Contoh saham publik status per 30 Maret 2017:

  • Data saham publik BUMI: sumber di sini,  saham publik 70,58% dari saham beredar.
  • Data saham publik MYOR: sumber di sini, saham publik 15,71% dari saham beredar.
Catatan: untuk mencari data saham lain, ganti saja kode saham sebelum ".pdf" di alamat unduhan data di atas.

Bisa ditebak, saham MYOR lebih tidak likuid dibanding BUMI. Indikasinya, meski jumlah hari perdagangan 239 hari, tapi peringkat frekuensi MYOR 229 versus BUMI 57.

Haircut Ratio

Pialang saham atau broker biasanya memberi tanda saham tidak likuid dengan rasio pemotongan harga (haircut ratio) yang kecil. Haircut ratio di bawah skala 0,5 pasti tidak likuid. Saham likuid sebaliknya diberi skala di 0,75 atau lebih.

Rasio pemotongan biasanya ditujukan untuk investor saham yang memanfaat dana batasan (margin) dalam transaksi mereka. Karena menggunkan akun margin, atau pinjam uang ke pialang, maka bila pasar saham bergerak buruk atau turun, investor yang meminjam dana untuk memiliki saham tertentu biasanya dipaksa menjual saham (force sell) ke pialang. Kegiatan memaksa nasabah margin menjual ini disebut sebagai margin call.

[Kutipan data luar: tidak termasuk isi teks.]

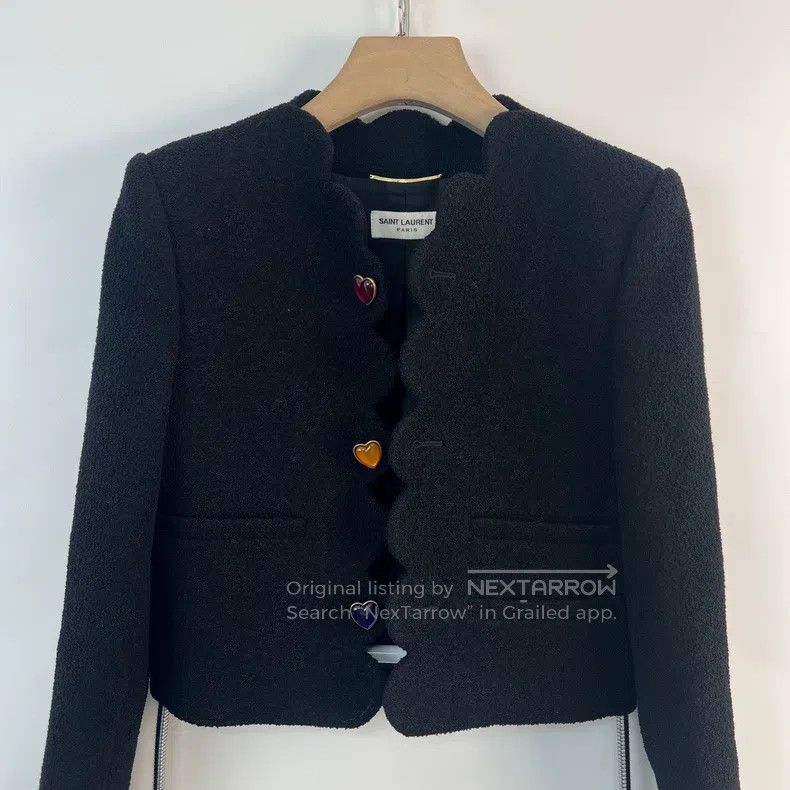 Saint Laurent Paris Saint Laurent Paris Black Velvet Jacket with Colored Heart Size XS / US 0-2 / IT 36-38 - 1 Thumbnail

Jika harga saham ditutup Rp400 per lembar dengan haircut ratio 0,4; maka investor hanya mendapat uang pengganti sahamnya Rp160 per lembar. Karena dana pinjaman maka mau tak mau harus ia jual dengan kerugian sebesar itu. Jika tidak mau kehilangan sahamnya, investor margin bisa memilih mentransfer dana sehingga seluruh sahamnya menjadi miliknya (yang sesungguhnya, bukan pinjaman). Tapi untungnya tak ada saham tidak likuid yang bisa ditransaksikan secara margin, sehingga nasabah akun margin tidak terlalu sial banget.

Sisi Positif Saham Tidak Likuid

Saham tidak likuid juga menawarkan karakter unik, yang saya kira positif.

Harga saham tidak likuid biasanya terjaga. Ya, karena tidak ada yang bertransaksi. Bayangkanlah selama sebulan tak ada yang mau membeli penawaran jual saham, kecuali Anda menurunkan harga sebanyak -20%! Jika investor mempunyai posisi jangka panjang, hal itu justru aman-aman saja. Nilai investasinya akan aman-aman saja, bisa berbeda dengan pergerakan Indeks Harga Saham Gabungan (IHSG). Karena tidak bergerak, investor bisa bebas menentukan kapan masuk ke saham kapan saja, toh tidak bergerak jauh harganya.